Agnes Theodora Wolkh Wagunu dan Antonius Ponco Anggoro
·3 menit baca
JAKARTA, KOMPAS – Sikap sebagian calon anggota legislatif yang tetap enggan membuka data riwayat hidupnya di laman KPU bisa dijadikan obyek sengketa informasi oleh publik. Apalagi informasi itu penting untuk publik ketahui sebagai rujukan memilih di Pemilu 2019. Partai pun diharapkan dapat mendorong calegnya terbuka sebagai bentuk komitmen keterbukaan informasi.
Ketua Komisi Informasi Pusat (KIP) Gede Narayana di Kompleks Parlemen, Jakarta, Selasa (11/12), mengatakan badan publik memang berhak untuk tidak membuka seluruh informasi.
Jenis informasi yang tak dapat diakses publik itu diantaranya, informasi yang membahayakan pertahanan dan keamanan negara dan informasi yang menghambat proses penegakan hukum.
Namun tidak selamanya informasi yang dinilai badan publik perlu dirahasiakan itu, memang memenuhi kriteria untuk dirahasiakan seperti diatur di peraturan perundang-undangan. “Justru banyak informasi yang dikategorikan rahasia tetapi setelah disengketakan, dan diuji, informasi itu tidak masuk dikecualikan, dan hasilnya diputuskan badan publik tersebut harus membuka informasi itu ke publik,” katanya.
Dalam kasus tidak dibukanya data riwayat hidup sebagian calon anggota legislatif (caleg), publik yang dirugikan karena informasi itu sebenarnya penting sebagai rujukan memilih di Pemilu 2019, bisa pula mengajukan obyek sengketa informasi.
Sengketa diajukan ke Pejabat Pengelola Informasi dan Dokumentasi KPU. Jika kemudian penjelasan pejabat tidak memuaskan, bisa mengajukan sengketa ke KIP. Keputusannya, bisa memaksa agar riwayat hidup seluruh caleg dibuka.

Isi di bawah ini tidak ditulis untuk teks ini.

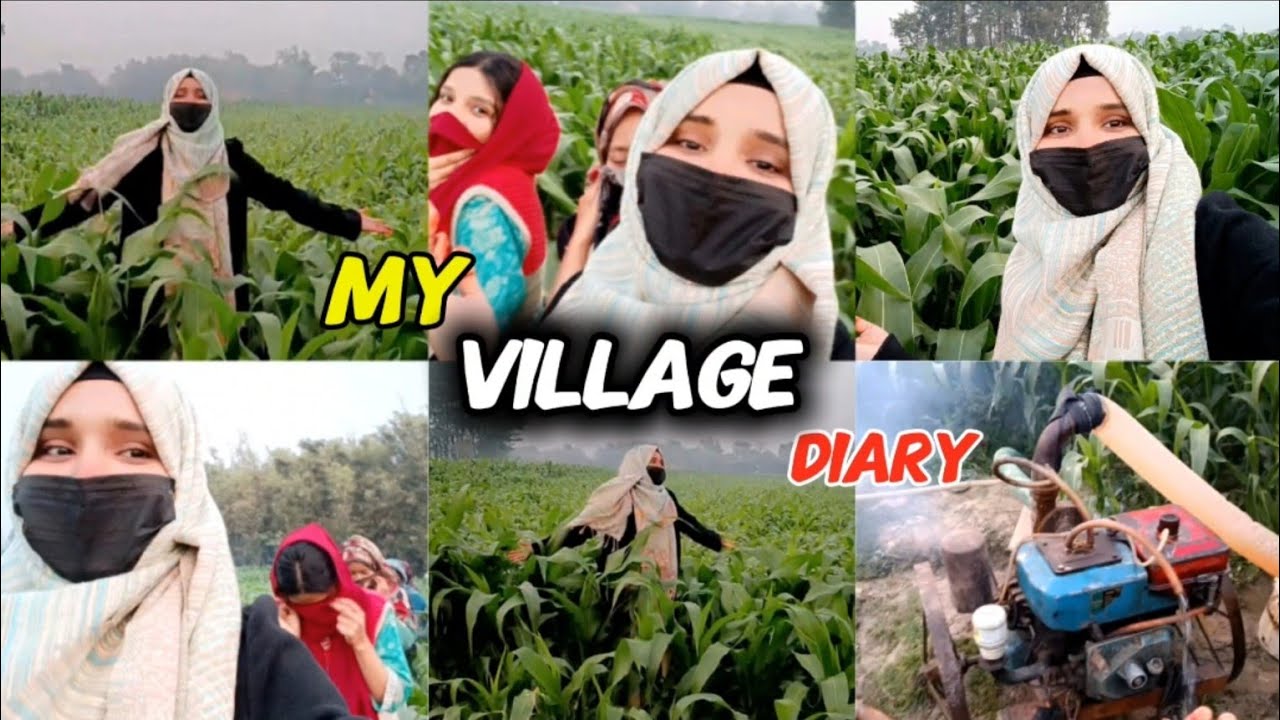 My Village Diary || Mera Khubsurat Gaw || Khet Ki Hariyali 🌳🌿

Berdasarkan data Komisi Pemilihan Umum (KPU), ada 2.990 caleg dari total sekitar 7.000 caleg yang tidak bersedia untuk membuka data riwayat hidup mereka di laman KPU.
Tanpa harus menunggu publik mengajukan sengketa informasi, menurut Komisioner KIP Cecep Suryadi, partai politik seharusnya bisa mendorong para caleg untuk membuka data riwayat hidup itu.
Sebab, pada Mei 2018, partai-partai peserta Pemilu 2019, sudah berkomitmen membuka informasi yang dibutuhkan publik. "Mei lalu, kami menggagas deklarasi keterbukaan informasi oleh peserta pemilu, dan partai-partai politik menandatangani poin-poin keterbukaaan informasi. Salah satunya, partai mendorong kadernya untuk terbuka juga,” katanya.
Namun jika hingga kini masih banyak caleg yang enggan membuka data riwayat hidupnya, berarti partai belum sepenuhnya menjalankan komitmen yang telah dibuat sebelumnya.
Meski demikian, persoalan tidak sepenuhnya ada di caleg. Ketua DPP Partai Gerindra Ahmad Riza Patria mengatakan, partai sebenarnya sudah menyerahkan data-data calegnya secara lengkap sejak awal pendaftaran. Jika partai tidak menyerahkan, justru mereka tidak bisa mendaftarkan calegnya dan nama yang bersangkutan akan dicoret dari daftar calon.
Gerindra sendiri sudah menyerahkan berkas data 560 calegnya ke KPU. Semua caleg diminta bersedia membuka informasi dirinya untuk memudahkan masyarakat memilih.
"Jadi seharusnya sekarang itu menjadi tanggung jawab KPU untuk membuka datanya. Jangan-jangan masalahnya ada di jaringan KPU," katanya.